**** Source material ****

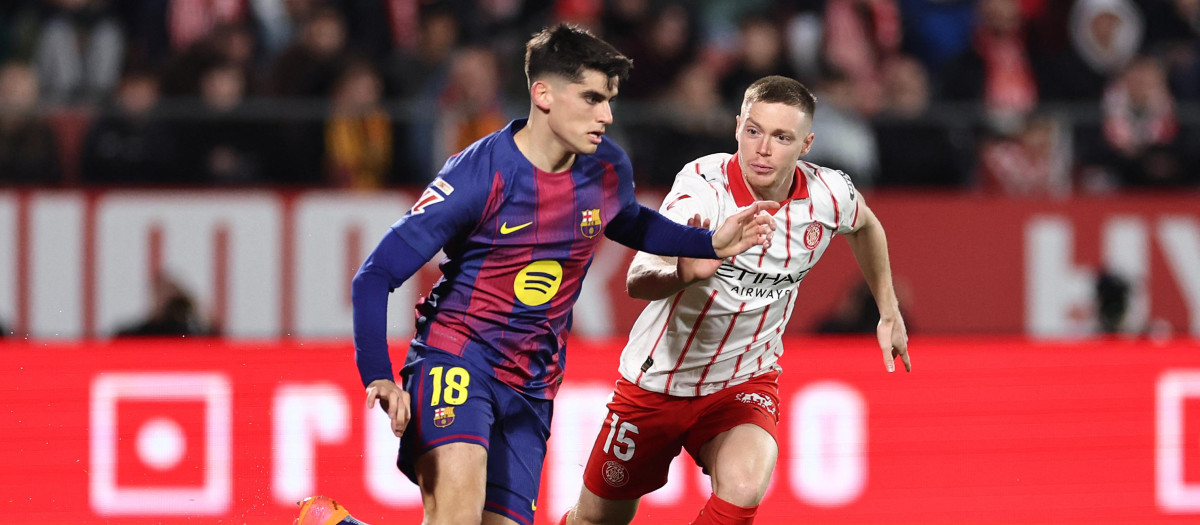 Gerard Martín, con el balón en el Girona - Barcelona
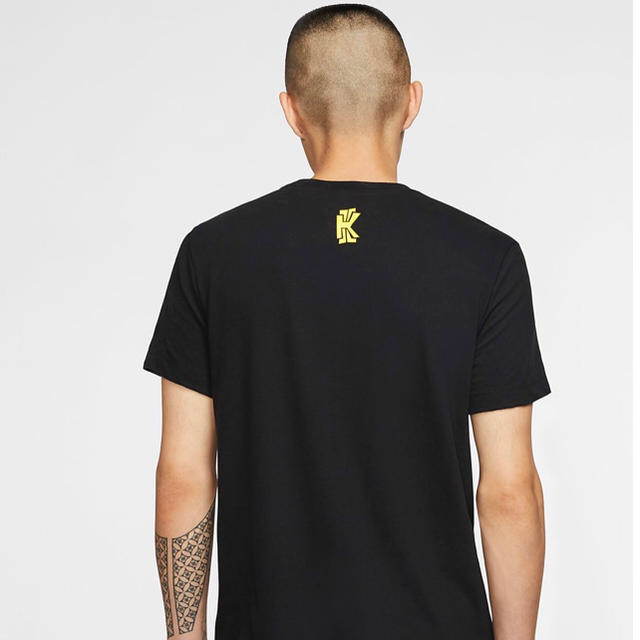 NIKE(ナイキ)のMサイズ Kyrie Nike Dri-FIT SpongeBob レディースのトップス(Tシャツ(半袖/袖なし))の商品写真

****
**** Source material ****

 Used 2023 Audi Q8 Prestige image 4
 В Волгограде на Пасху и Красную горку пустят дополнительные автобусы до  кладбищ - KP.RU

****
**** Source material ****

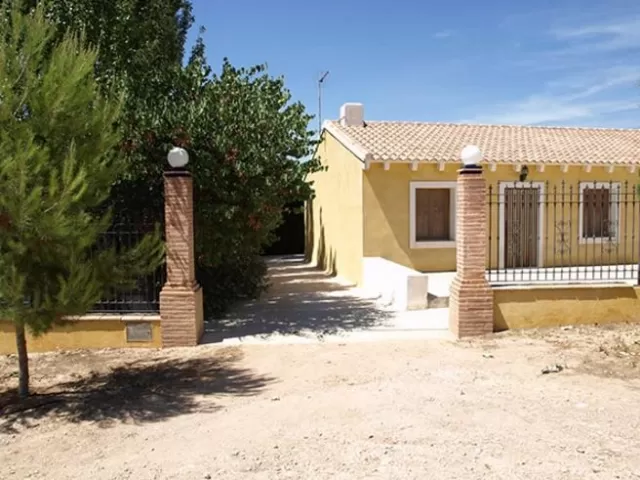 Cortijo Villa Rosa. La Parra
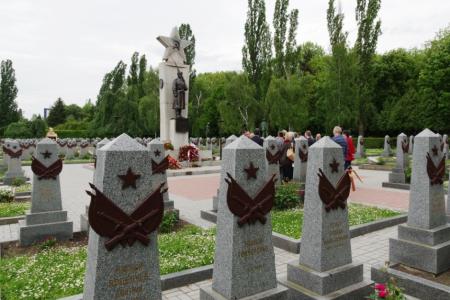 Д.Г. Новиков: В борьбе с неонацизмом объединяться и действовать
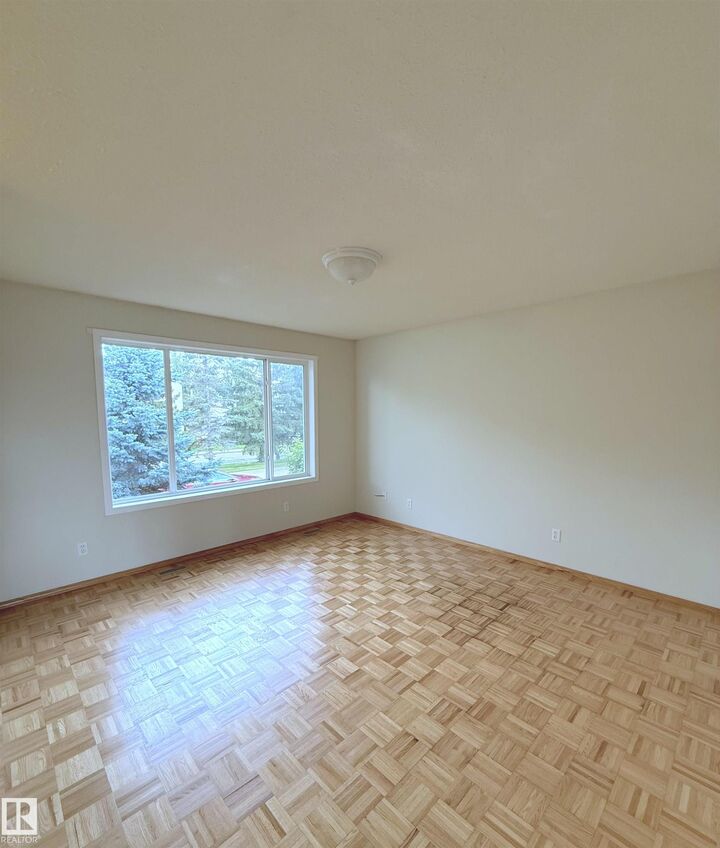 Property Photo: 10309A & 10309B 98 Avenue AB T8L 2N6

****

**About this task**.
Since the pictures are not part of the copy, please transcribe only the lines above from the one with "Cortijo Villa Rosa. La Parra" through the one with "Property Photo: 10309A", exactly and with both ends.

**Expected answer**.
 Cortijo Villa Rosa. La Parra
 Д.Г. Новиков: В борьбе с неонацизмом объединяться и действовать
 Property Photo: 10309A & 10309B 98 Avenue AB T8L 2N6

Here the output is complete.